A Small-C cross-compiler for the IBM 1401
The IBM 1401 was the world's most popular computer for the largest part of 1960s. It was introduced by IBM in late 1959 and was sold or rented until the early 1970s. Compared to today’s standardized world, the 1401 had a unique architecture. It was a binary-coded decimal, variable word length computer with up to 16,000 characters of core memory. It was the first to have a transistorized CPU. It had dedicated connections to a console typewriter, a high-speed line printer, a card reader-punch, up to six tape units, and even an hard disk system. The Computer History Museum in Mountain View, CA has two fully operating 1401 systems, each with a full set of peripherals except the hard disk and the typewriter.

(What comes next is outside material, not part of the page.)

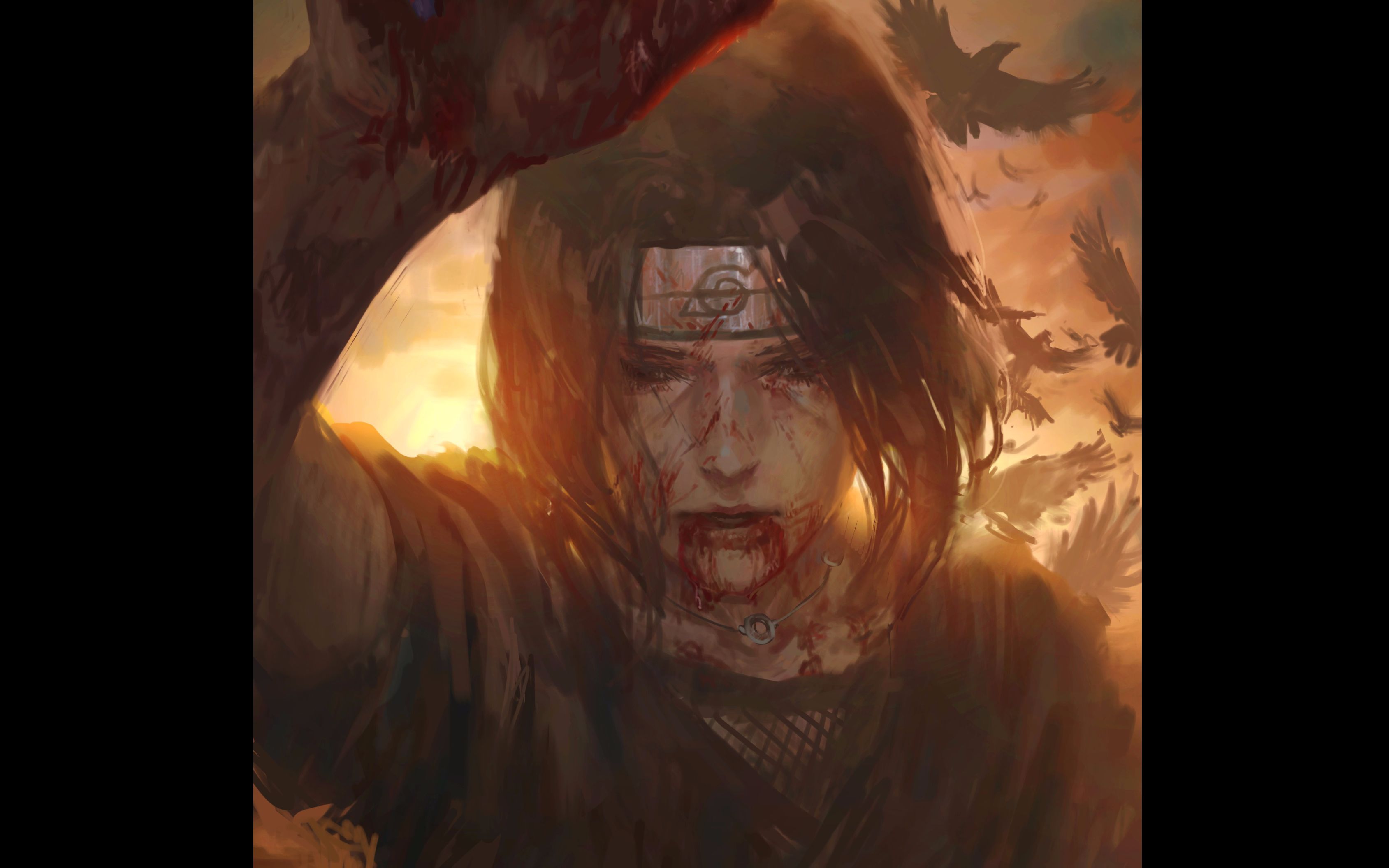 绘画过程宇智波鼬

So why are we writing a C compiler for a computer that predates that language by 13 years? The first answer is, indeed, because there isn’t one. The second answer is because it’s fun! I’m a senior computer science student at San Jose State University. When I choose the final project for my Compiler Design class, I wanted to do something that, no matter how difficult, could be used not just in class. I was already familiar with the 1401s at the museum, and I was aware of the efforts of the volunteers there who wrote demo programs in Autocoder assembly language. They use ROPE, written in Java by Ronald Mak, the instructor of the Compiler Design class at SJSU. ROPE wraps a simple but good GUI-based IDE around an Autocoder assembler written in Fortran by Van Snyder and the SIMH 1401 simulator written in C by Bob Supnik. After debugging a program with ROPE on a PC or Mac, the volunteers can then run the program on the actual 1401 hardware. The machine language of the 1401 was quite primitive compared to today’s machines and had no stack and subroutine instructions. Powerful macros helped a lot but programming remained cumbersome compared to programming a more modern machine in C.

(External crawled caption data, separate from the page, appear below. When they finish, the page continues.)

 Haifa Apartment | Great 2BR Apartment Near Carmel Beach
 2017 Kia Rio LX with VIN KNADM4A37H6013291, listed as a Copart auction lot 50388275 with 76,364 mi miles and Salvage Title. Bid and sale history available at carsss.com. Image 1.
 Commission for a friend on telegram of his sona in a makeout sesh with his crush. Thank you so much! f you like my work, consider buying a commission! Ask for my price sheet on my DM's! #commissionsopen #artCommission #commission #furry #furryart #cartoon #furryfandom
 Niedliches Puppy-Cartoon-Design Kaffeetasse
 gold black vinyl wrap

To make the challenge feasible, my classmates, Sean Papay and Matt Pleva, and I developed a cross-compiler written in Java using JavaCC to generate the parser and scanner. Java also gave us the advantage to develop the compiler and run it on any modern architecture and, in a following step, to integrate more easily with ROPE. We decided to implement Small-C, a subset of C for very small and embedded systems, originally developed for the Intel 8080 by Ron Cain in 1980. We implemented some additional features Small-C doesn't have but are common in more recent versions of C, such as structures and constants. Our compiler translates programs written in Small C into working Autocoder programs that can run on the actual 1401.

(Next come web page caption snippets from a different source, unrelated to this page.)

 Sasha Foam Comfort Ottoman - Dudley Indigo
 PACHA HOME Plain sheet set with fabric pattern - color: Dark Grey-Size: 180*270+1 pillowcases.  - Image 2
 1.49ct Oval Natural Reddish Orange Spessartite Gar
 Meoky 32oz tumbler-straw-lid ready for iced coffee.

We completed a first working “beta version” of the compiler by the end of the spring 2015 semester. Matt and I are continuing the project during this summer semester to complete an optimized release with all our planned features. The current version of the compiler works correctly but needs to be optimized by emitting fewer stack macros that are memory consuming and slow. Time permitting, we will try to generate code that takes advantage of the 1401’s variable-word-length feature. We expect to complete it by the end of this summer.